- Thoroughly washed milk jug
- Garden hose extender. Used for attaching two hoses together. It has male threads on both ends, and a valve in the middle to control the volume passing through the hose. You can get these at pretty much and hardware, or garden center.
- Glue/epoxy etc.
- 1 gallon of milk ~$2.50 ;)
- Extended ~ $3
- Glue/epoxy ~$2
Cut a hole about the size of a quarter in the bottom of the milk jug. This is where you will fill the jug, and it allows for the water to flow. Next, attach the extender to the spout of the milk jug using the glue or epoxy. I used the two part epoxy that you mash together into a putty because it holds the extender nicely until the putty hardens. Voilla.

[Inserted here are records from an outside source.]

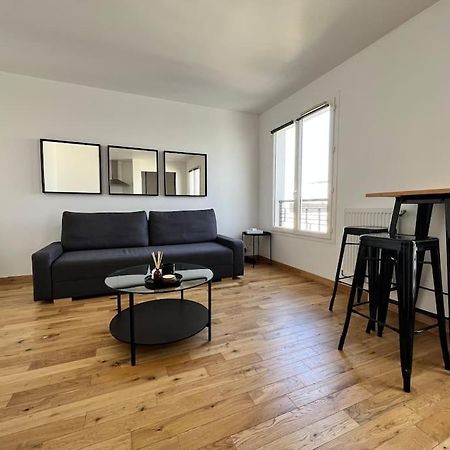 Appartement Emplacement Ideal De Disney A Paris Serris Extérieur photo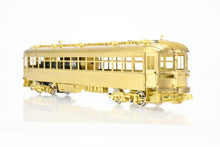 Load image into Gallery viewer, HO Brass MTS Imports CNS&M - North Shore Line 150-164 Series “Brill” Coach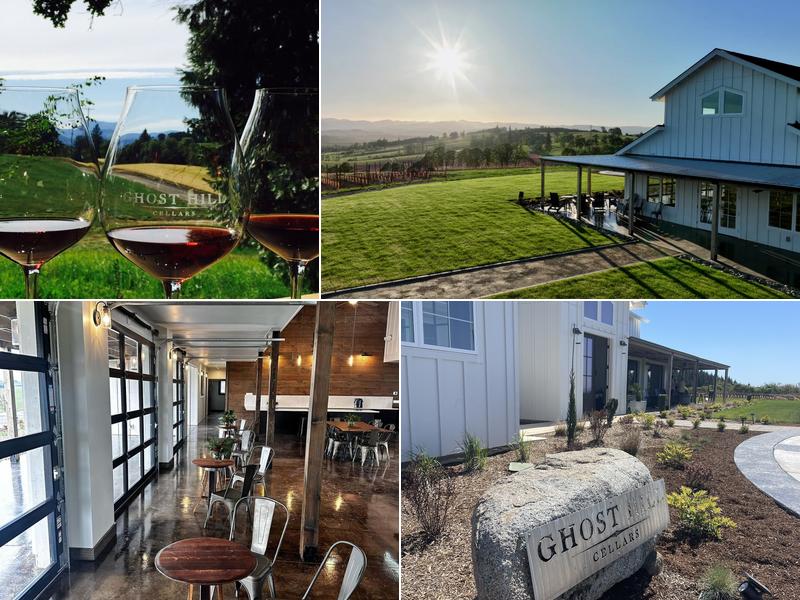 Ghost Hill Cellars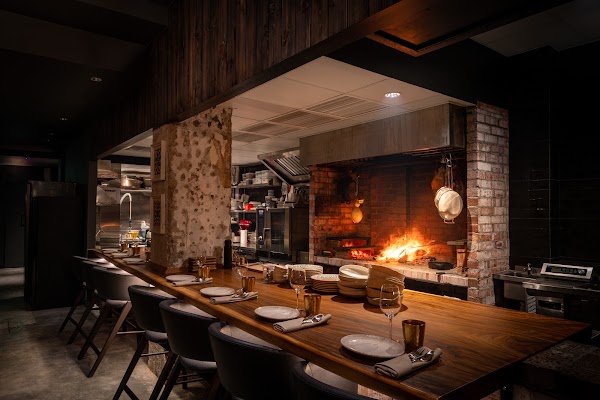 IL TORO WOODFIRE GRILL 1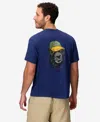 Marmot Men's Trucker Marty Short Sleeve T-shirt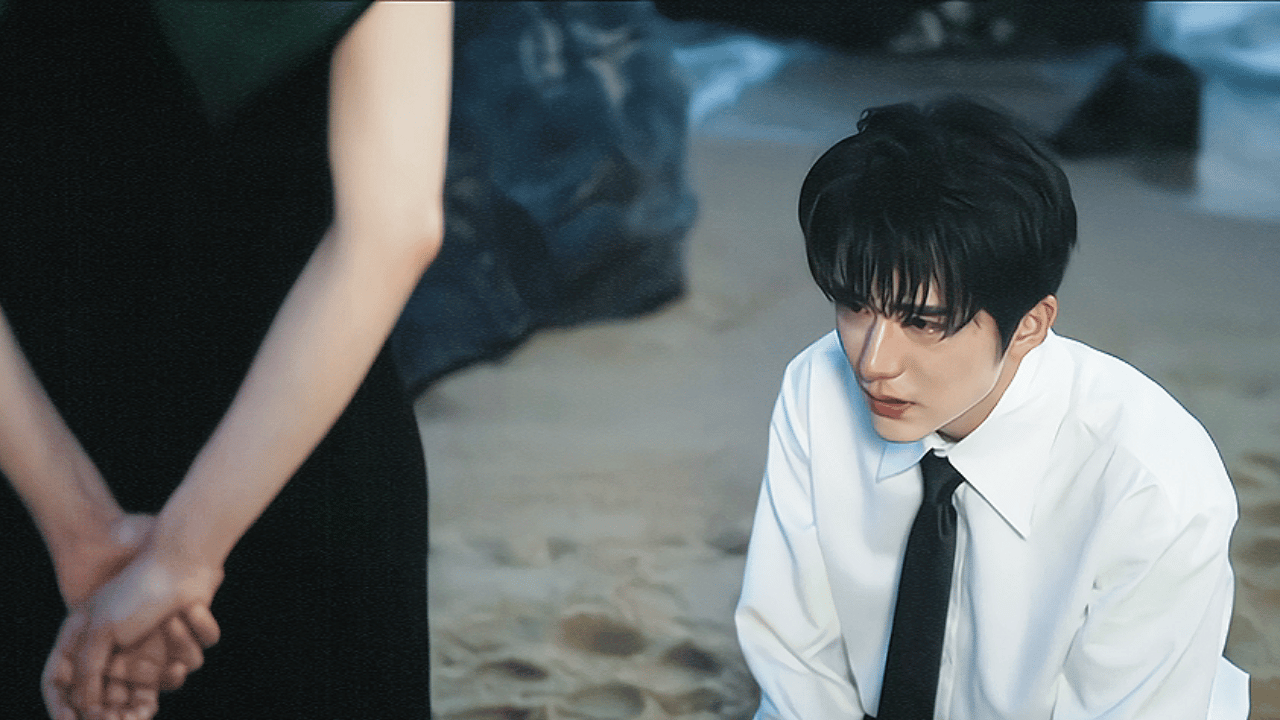 “师父，我错了，你打死我吧。” 🥺剧集南部档案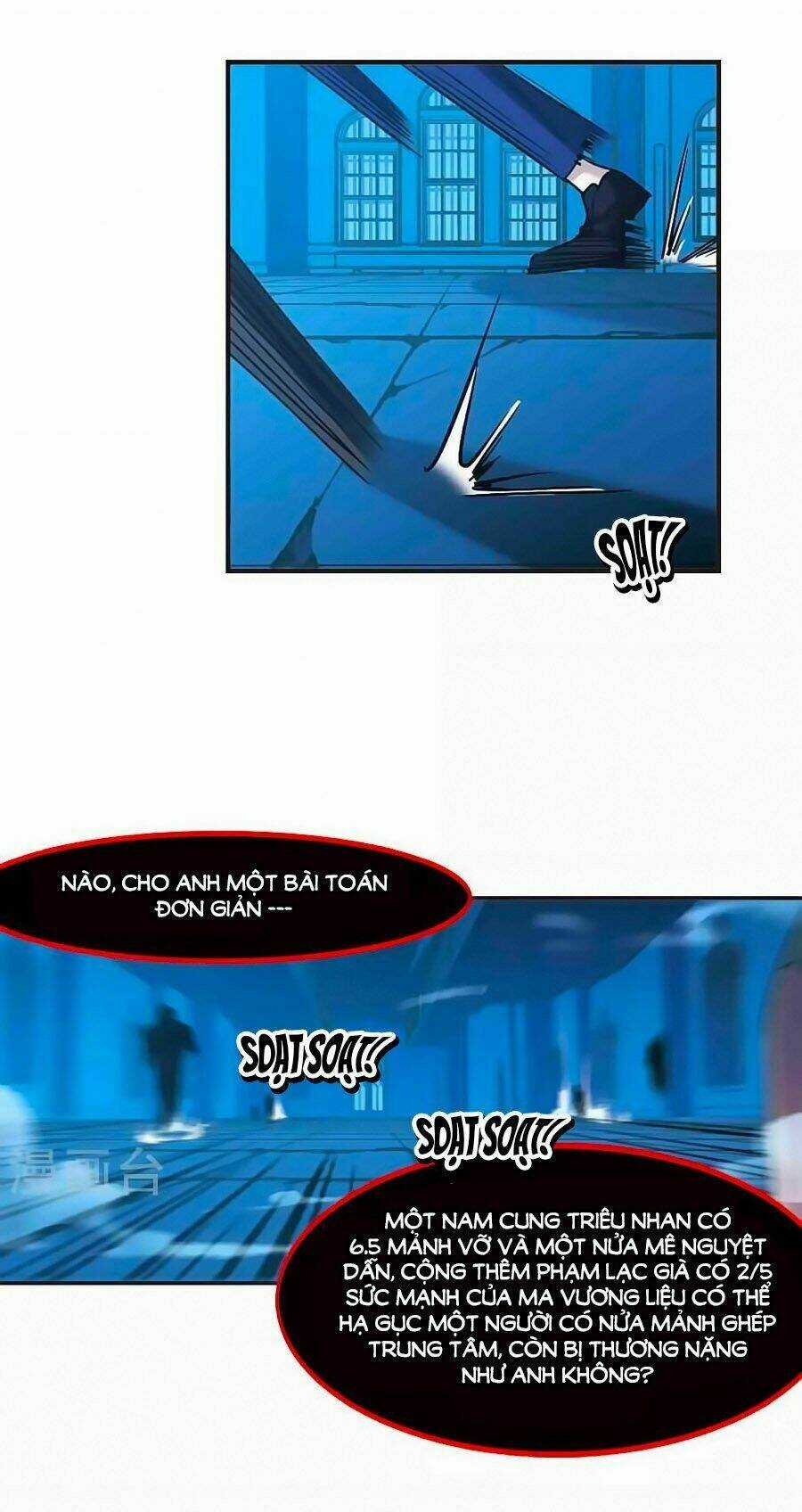 Huyết Tộc Cấm Vực - Chapter 121.2 - Trang 29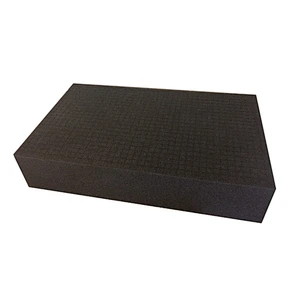 Portable Aluminum Instrument Hard Customized Tool Case with Custom Foam Insert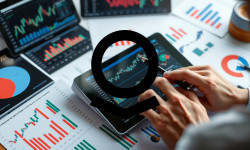 Beitragsbild zu Palantir Aktie: Strategien greifen!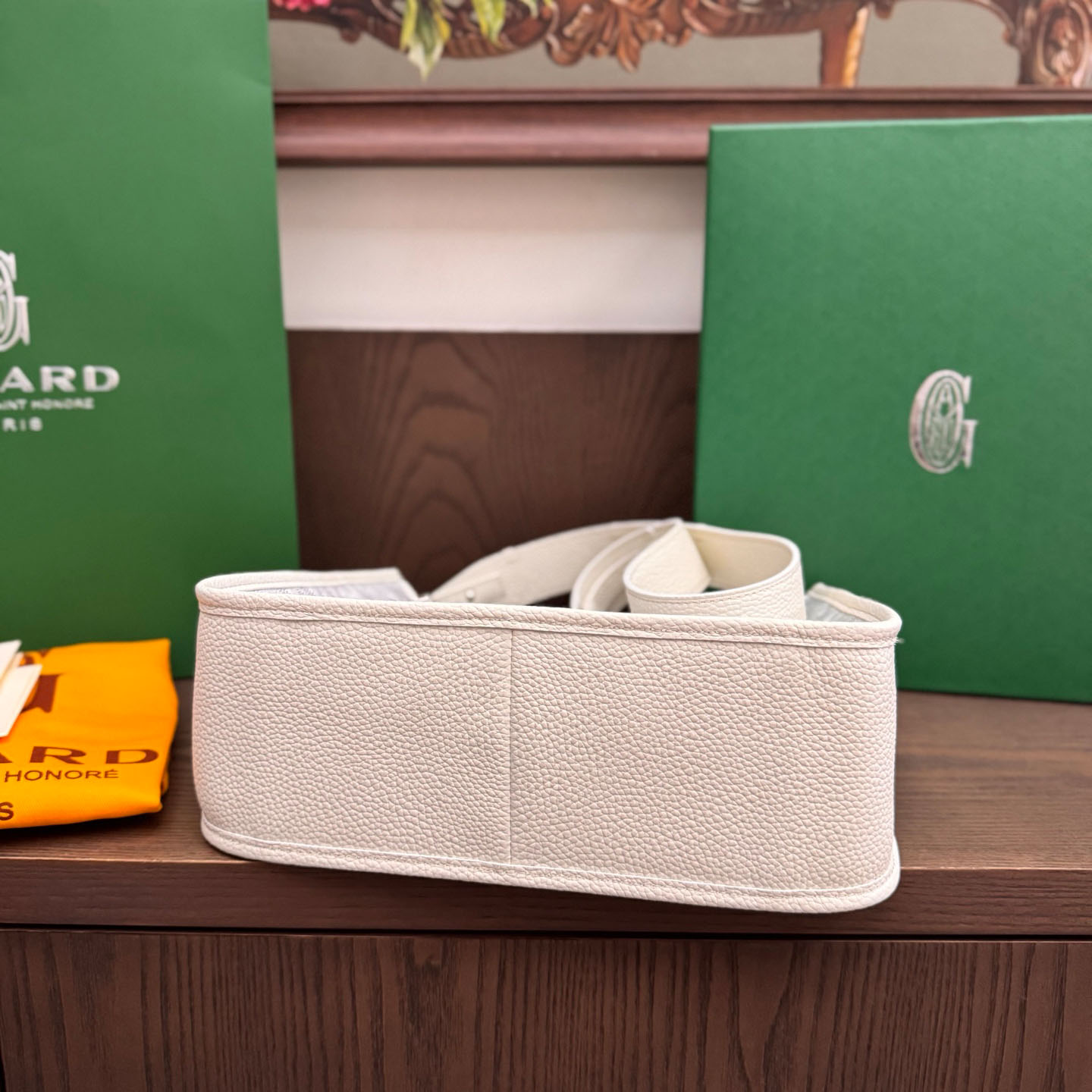 Goyard Musette Bag - DopestKickz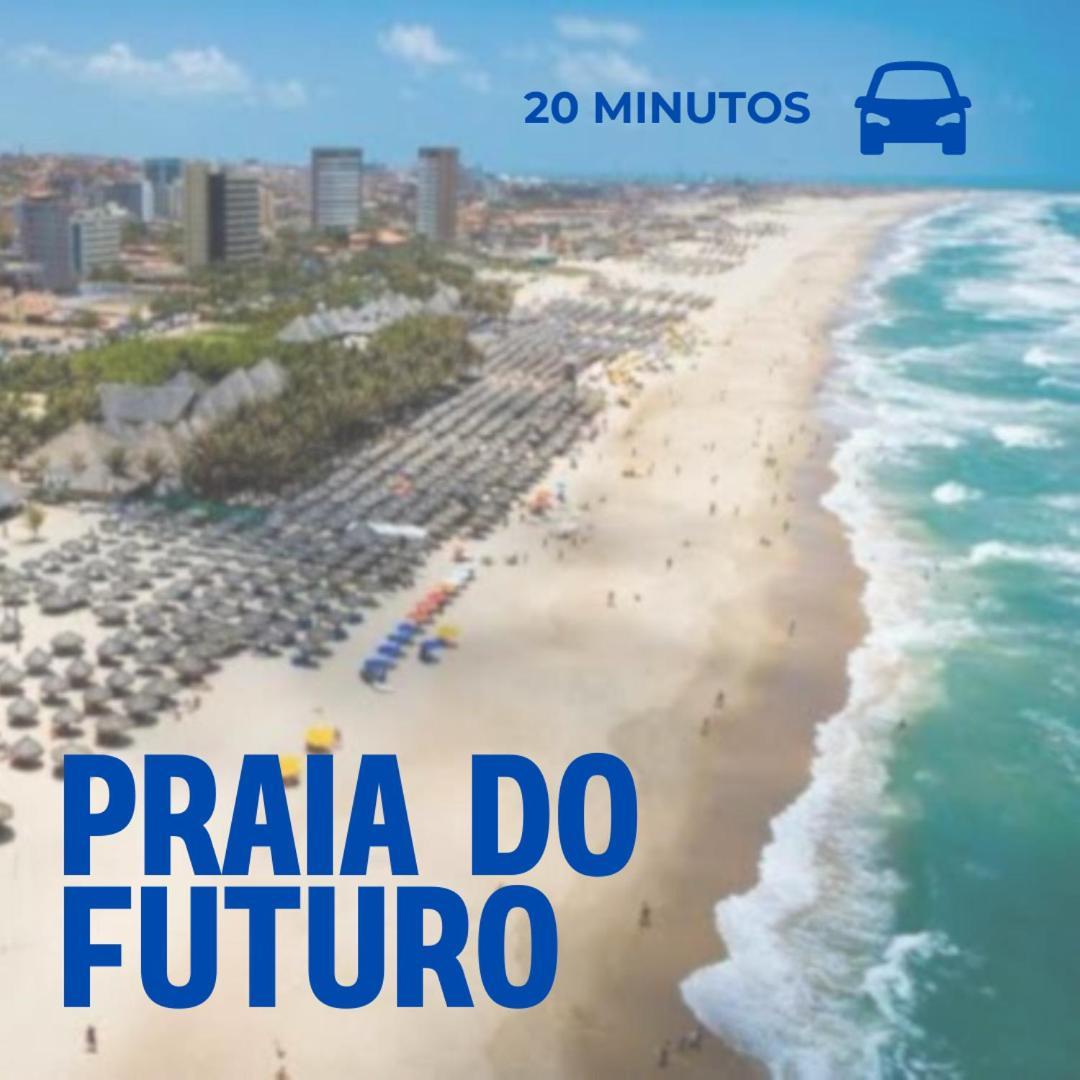 Completo E Central! Casa Rute! Fortaleza (Ceara)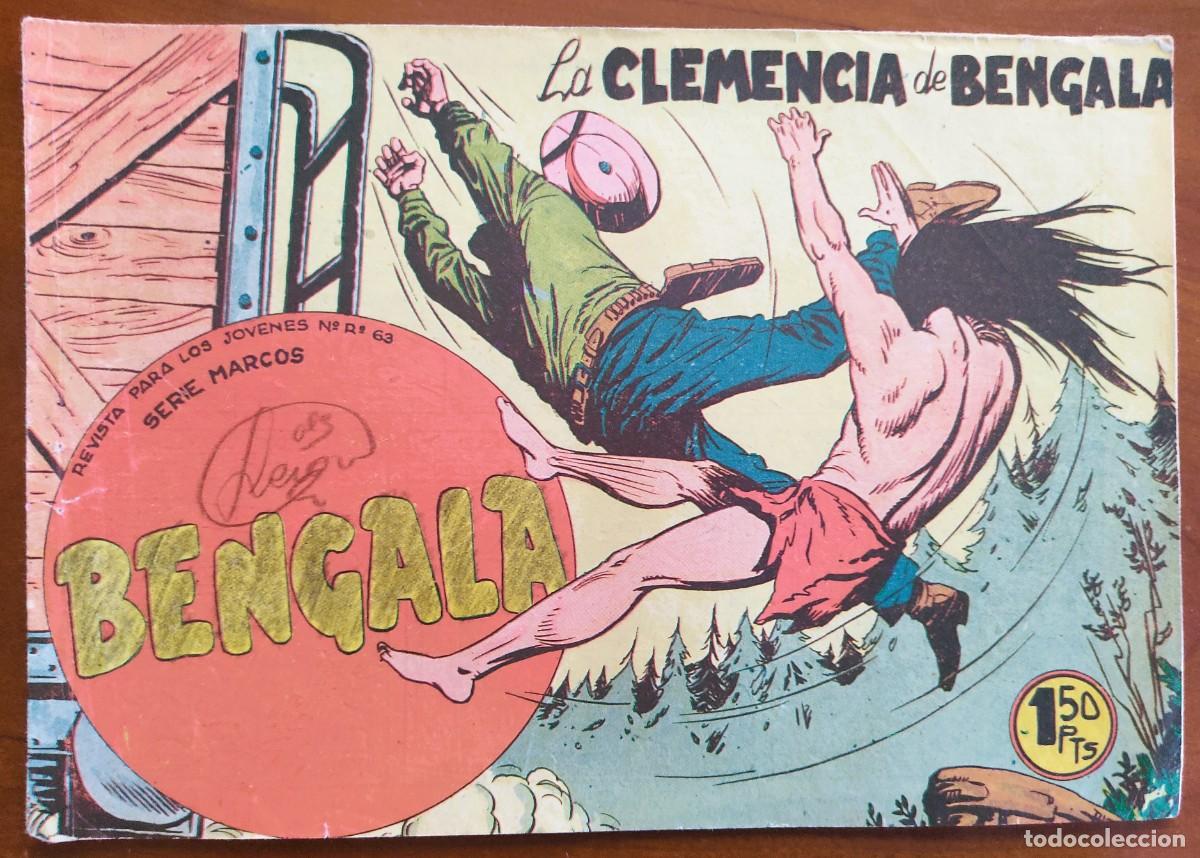 C&oacute;mics: BENGALA N&ordm; 29- EDITORIAL MAGA - Foto 1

To use this device, fill it with kalk, and set it over the tank. I usually drip it into an old Skilter that I have hanging on the tank for waterflow, and carbon bags. The valve can be adjusted to controll the drip rate. It's a little tricky, but you can get the drip rate to about 1 drop/ 1-2 seconds. This device is also a good indicator of the quality of your Kalk, if it stops dripping, it is likely that you didn't siphon the best part of the Kalk and you've got precipitate blocking the valve. Just hold the device over the sink (being careful not to shake up the precip), and open the valve for a second. You'll notice a milky white precip coming out of the valve.
- Use a twist tie and old pantyhose (clean ;) as a filte rto drip the water through.
- Attach a small tube to the valve and place the device above the tank so that the kalk drips through the tube into the tank. This allows you to place the device wherever you like.